Open yanyh15 opened 4 years ago
Some info so far:
Intel intrinsics (probably the best guide; also, Intel manual really good): https://software.intel.com/sites/landingpage/IntrinsicsGuide/#techs=AVX,AVX2
Vectorization examples (mainly AVX/few SVE): https://github.com/patrickf2000/vectorization-examples
The algorithm (From 11/25 meeting, despite later posting):
For translating vector expression to AST
Intel intrinsics:
AST elements:
ROSE parses expressions in postfix form; however, it comes up reversed, so we will need to parse backwards
The for-loop increment will need to be changed; on AVX-2, this will be changed to 8
Algorithm: 1) Break up variable expression into the lvalue and rvalue (the lvalue is the store, all else is load and operations) [THIS PART DONE] 2) Maintain a stack of strings 3) Loop through the expression
Example:
for (int i = 0; i<512; i++) {
result[i] = arr1[i] + arr2[i] * x;
}
Using the algorithm:
__m256 _const1 = _mm256_broadcast_ss(&x);
for (int i = 0; i < 512; i += 8) {
__m256 _vec1 = _mm256_loadu_ps(&arr2[i]);
__m256 _result1 = _mm256_mul_ps(_vec1, _const1);
__m256 _vec2 = _mm256_loadu_ps(&arr1[i]);
__m256 _result2 = _mm256_add_ps(_result1, _vec2);
__m256_storeu_ps(&result[i], _result2);
}
After this is working:
expression,
direct array references (including multiple dimensional array) using standard vector load/store
for (i ...)
for (j ....)
A[i][j] = B[j][i];
direct array reference with stride using strided load/store
Indirect array reference A[B[i]], use case (spare matrix), with gather and scatter
for (i = 0; i < n; i=i+1)
A[K[i]] = A[K[i]] + C[M[i]];
A[K[i]] ==> 3Address
tmp1 = K[i];
tmp2 = A[tmp1]; (option 1)
Need to store some attribute info for this two AST to indicate that these two 3-address statements are for A[K[i]] such that gather/scatter can be used for the transformation.
if/else, if expression needs to be transformed to 3Address AST and then if will just test a single variable.
while loop within a simd loop (not supported yet unless there is use case for it)
Other cases such as using struct field,
function call with regards to declare simd.
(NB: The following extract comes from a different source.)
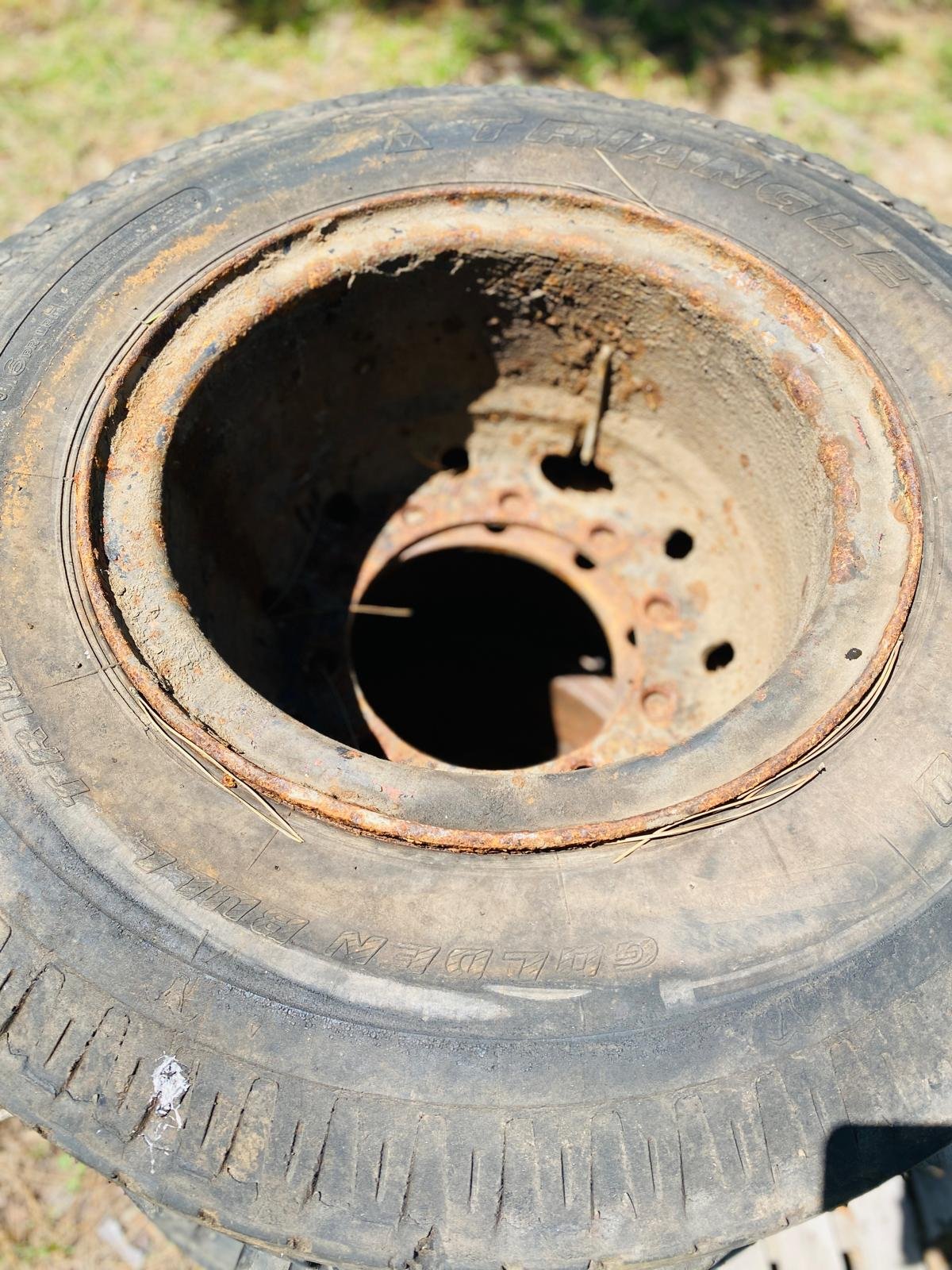 Item lote-x3-ruedas-de-camion-r-250 - Image 2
Inlining is likely the approach for handling function call with vectorization. check https://community.intel.com/t5/Software-Archive/Vectorization-of-a-function-call/td-p/1007791 and some other resources.
@patrickf2000 I want to note one thing before I forget. intrinsics are or might be compiler specific. If the Intel intrinsics are implemented as just header file/macro, then the SIMD-ized code can be compiled by other compiler such as gcc or clang/llvm. If the intrinsics are implemented specifically for the intel compiler, the SIMD-ized code can only be compiled by the intel compiler.
Please check both intel intrinsics and GCC builtin/intrinsics (https://gcc.gnu.org/onlinedocs/gcc/Vector-Extensions.html). I am not sure the term GCC uses today (builtin or intrinsics).
@yanyh15 I remember researching that, I have all three compilers on my machine so I checked the headers again.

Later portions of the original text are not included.